** Task description **
Below are records with pictures. Transcribe exactly, and only, the lines from the line with "Brics Life Skuldertaske navy" to the line with "kit Pistache Hidranutri", both ends included, but not the pictures.

(Record excerpts)

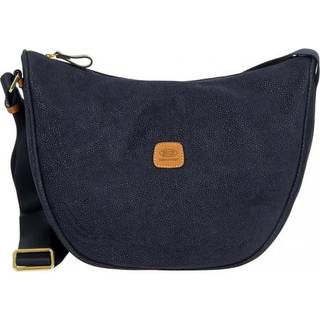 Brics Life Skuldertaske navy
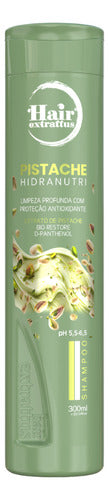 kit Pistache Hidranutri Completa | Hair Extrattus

(End Record excerpts)
(Record excerpts)

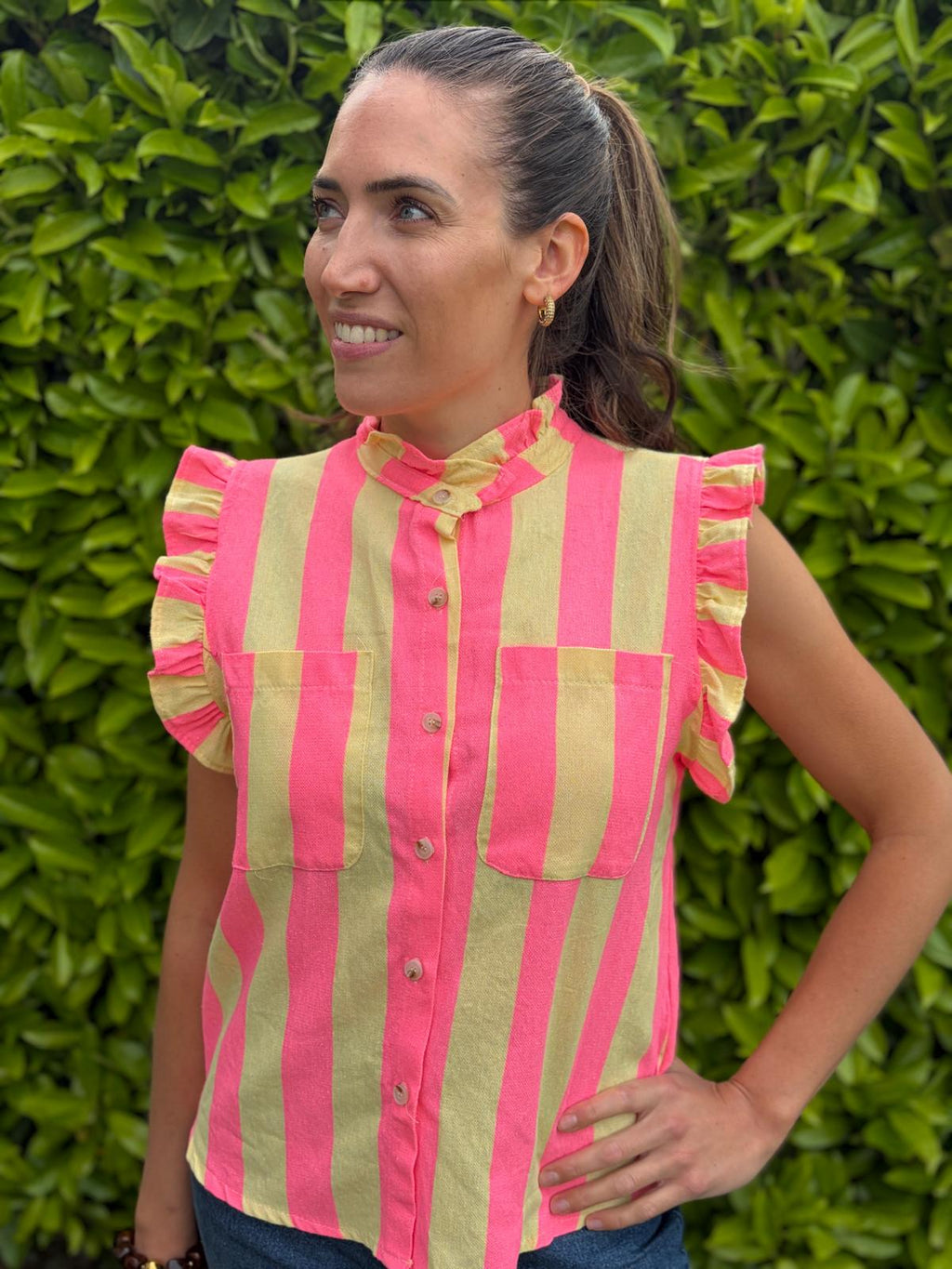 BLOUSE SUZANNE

(End Record excerpts)

** Answer section **
 Brics Life Skuldertaske navy
 kit Pistache Hidranutri Completa | Hair Extrattus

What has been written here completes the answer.